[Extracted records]

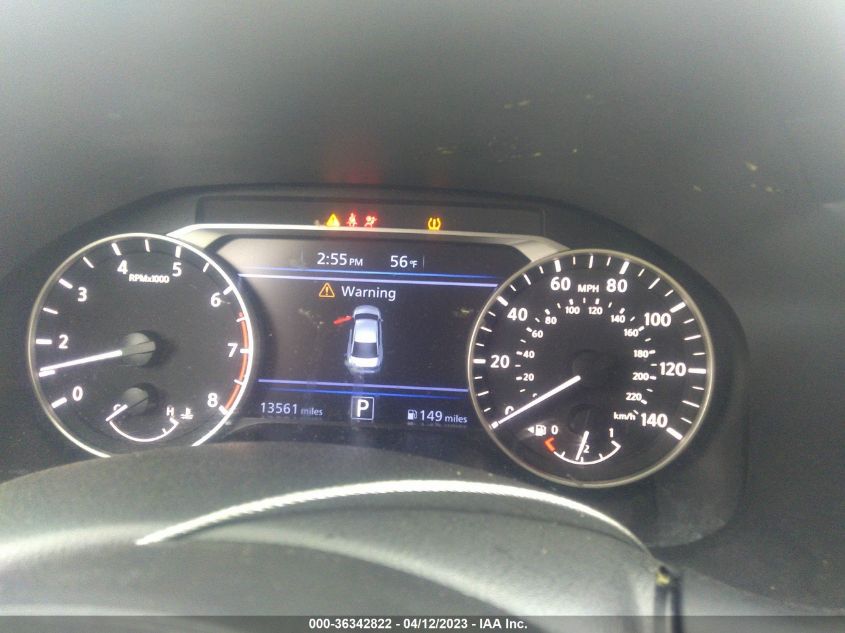 2022 NISSAN ALTIMA 2.5 SV - 1N4BL4DV1NN347348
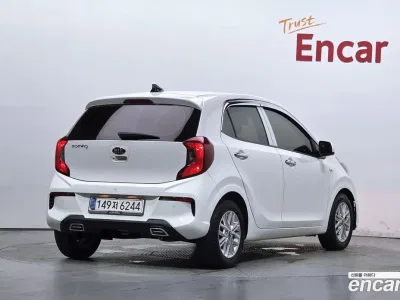 2021 Kia morning Signature, фото 2, лот 10204357
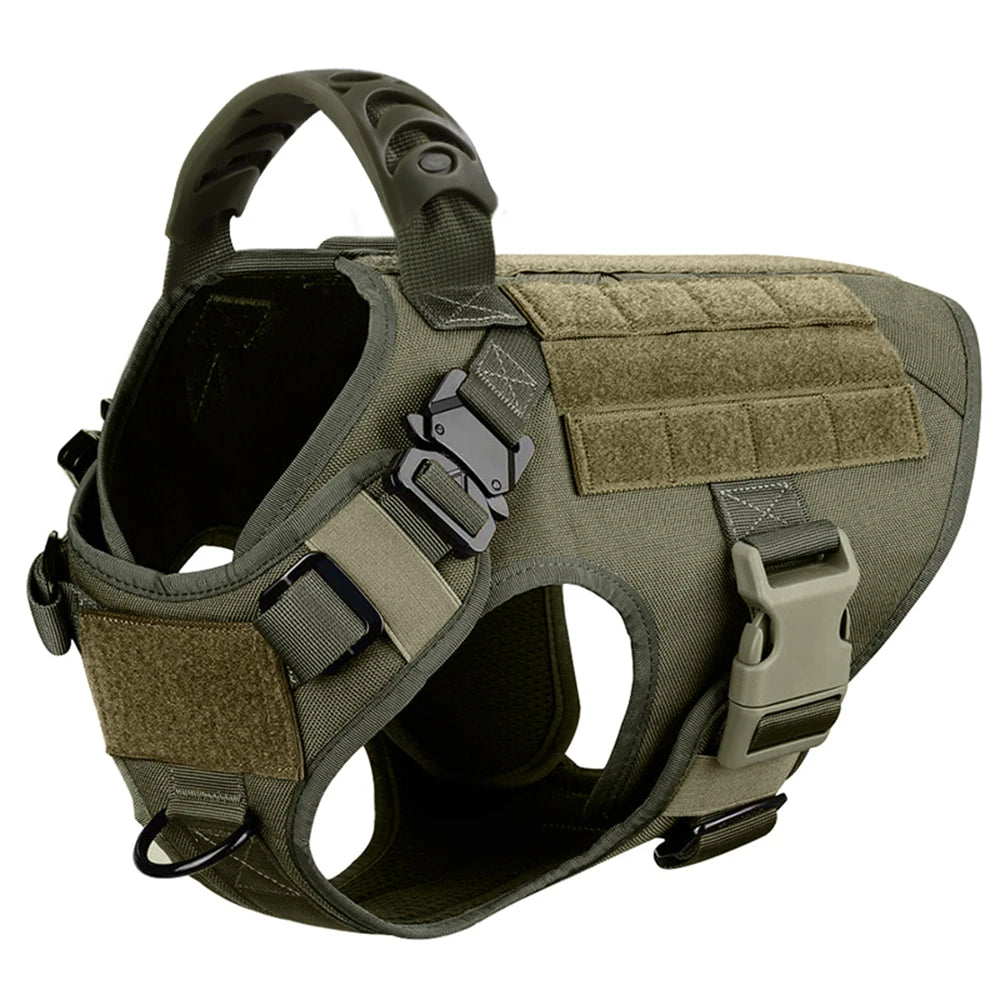 Durable Dog Harness and Leash Set for Training and Walking - Safety First Gear 25
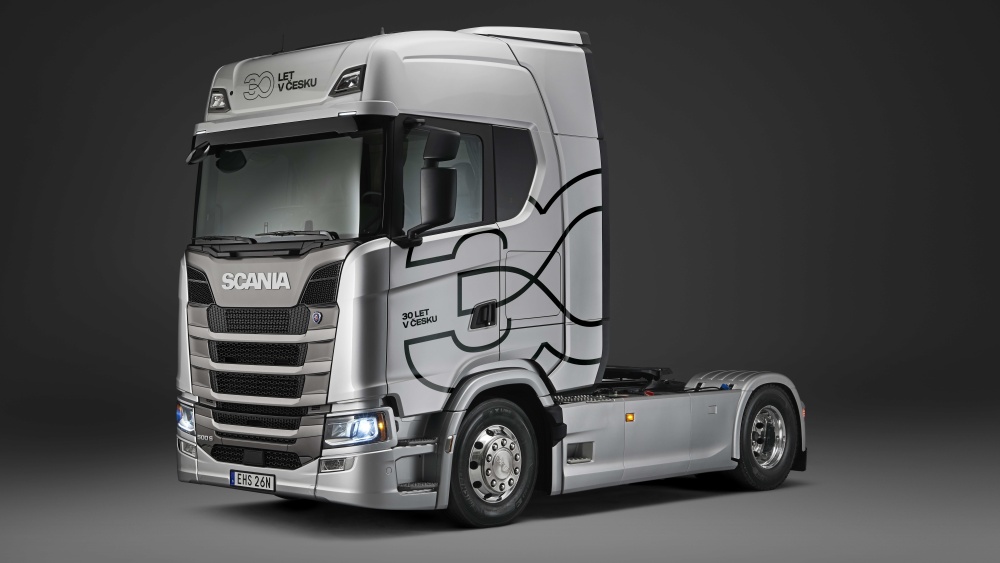 Scania představuje limitovanou edici tahačů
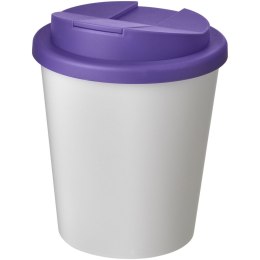 Americano® Espresso 250 ml tumbler with spill-proof lid biały, fioletowy (21069904)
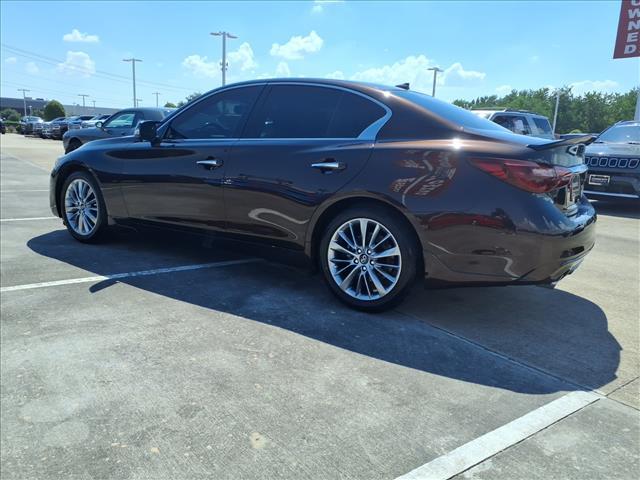 used 2020 INFINITI Q50 car, priced at $17,985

What the task requires:
Retype every record as it stands. None of the pictures should appear.

Response:
 2022 NISSAN ALTIMA 2.5 SV - 1N4BL4DV1NN347348
 2021 Kia morning Signature, фото 2, лот 10204357
 Durable Dog Harness and Leash Set for Training and Walking - Safety First Gear 25
 Scania představuje limitovanou edici tahačů
 Americano® Espresso 250 ml tumbler with spill-proof lid biały, fioletowy (21069904)
 used 2020 INFINITI Q50 car, priced at $17,985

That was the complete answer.